Ну, я не настаиваю, рву лепесточки, жду. Понимаю, мужик-то издалека, чего уж теперь. Допил он пиво, перестал мыльным пузырем прикидываться, распылил взглядом банку для экологии и, молча, спрашивает:
- Ты, вроде, космическим министром работаешь на этой планете?
- Нет, - говорю, - планетных министров у нас нету.
- Это как же? - удивляется марсианин и опять пятнами начинает. Ну, я
последний лепесток оторвал, объясняю:
- Государства у нас тут разнообразные, и в каждом - свой. И не работаю я, а служу народу. Российскому значит.
- И много у вас их? - спрашивает.
- Государств-то? До хрена, но в космосе тусуются штук пять, может шесть.
Тут он задумался, но без пятен, потом направил рожки на тарелку, посверкал малость и предлагает:
- Ну что, служивый, давай, что ли, с нами?
Посмотрел я на тарелку, глянул на кресты золотые.
- Ясно, - говорю, - раз так, поехали, - и двинулся к тарелке.

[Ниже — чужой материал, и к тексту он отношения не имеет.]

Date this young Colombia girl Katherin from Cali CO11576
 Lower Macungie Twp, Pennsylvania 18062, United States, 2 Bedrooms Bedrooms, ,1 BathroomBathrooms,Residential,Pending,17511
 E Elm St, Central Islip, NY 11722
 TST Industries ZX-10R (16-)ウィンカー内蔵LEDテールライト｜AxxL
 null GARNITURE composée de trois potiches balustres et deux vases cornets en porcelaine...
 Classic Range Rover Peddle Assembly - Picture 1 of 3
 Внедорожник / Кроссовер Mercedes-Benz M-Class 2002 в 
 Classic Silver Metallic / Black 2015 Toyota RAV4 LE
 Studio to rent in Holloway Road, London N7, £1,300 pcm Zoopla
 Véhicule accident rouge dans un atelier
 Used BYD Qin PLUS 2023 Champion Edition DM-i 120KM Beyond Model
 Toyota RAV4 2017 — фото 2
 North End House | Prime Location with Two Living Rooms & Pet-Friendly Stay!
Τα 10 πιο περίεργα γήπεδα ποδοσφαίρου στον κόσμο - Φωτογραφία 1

Ну, ежели вникать, не совсем она тарелка, даже и совсем не тарелка, а утка больничная скорее, в которую вовсе лежачие доходяги нужду справляют. Не круглая она и носик сбоку. Марсианин на носик этот показывает:
- Тебе сюда. Шлюзоваться будешь, а то сдохнешь с непривычки.
- Ну, дела! - помотал я башкой, приноровился и полез в носик, а марсианин сразу в эту утку ввернулся.
Да. С полчаса пошлюзовался и меня тоже внутрь допустили. А утка уже над океаном летит. Смотрю, а в ней еще один марсианин. Только баба. Они внутри нагишом ходят без рожек, поэтому я ее сразу опознал. Очень они на людей смахивают. Очень. Как бы люди и люди. Только без волос и ногтей. Этого ничего у них нет.
Посмотрел я через прозрачный пол на волны с гребешками и начал вживаться в их быт. Кормежки у них, считай, и нет никакой. Утром две таблетки дают, белую и рыжую. Вкуса - никакого, вроде плавленого сырка, но сильно калорийные. На весь день аппетит отбивают. По праздникам пробирку с кефиром пьют и часа два шалеют. Кабинка у них, вроде телефонной будки, только прозрачная. Они туда заходят вдвоем, пятнами помигают и сливаются в экстазе до трепета. Они ее кнопкой зачернить могут, и когда нужду справляют, то чернят, а когда сливаются баба марсианская чернить не дает. Глазищи на меня выкатит:
- Ежели ему интересно, пусть смотрит.
Не то, чтобы мне уж так интересно, но смотрю. Вживаюсь. Душно у них, как в парилке. Воздуха-то нет. Пот прошибает. И баба меня наставляет телепатически:
- Ты, мол, чего паришься-то? Раздевайся.
Я разделся, а она, вдруг, пятнами пошла и в кабинку тащит. Я на марсианина глянул, а тот как бы занят. На пульте клавиши жмет и вроде некогда ему отвлекаться. Ну, я за ней в кабинку, а она еще раз меня оглядела и кнопку нажала, которая стенки чернит. Да. Ну, я ее пару раз до трепета довел и выйти хочу. Так не пускает лупоглазая. Я ей говорю:
- Ваши таблетки не вдохновляют на подвиги. - А она зарозовела и достает откуда-то красную горошину.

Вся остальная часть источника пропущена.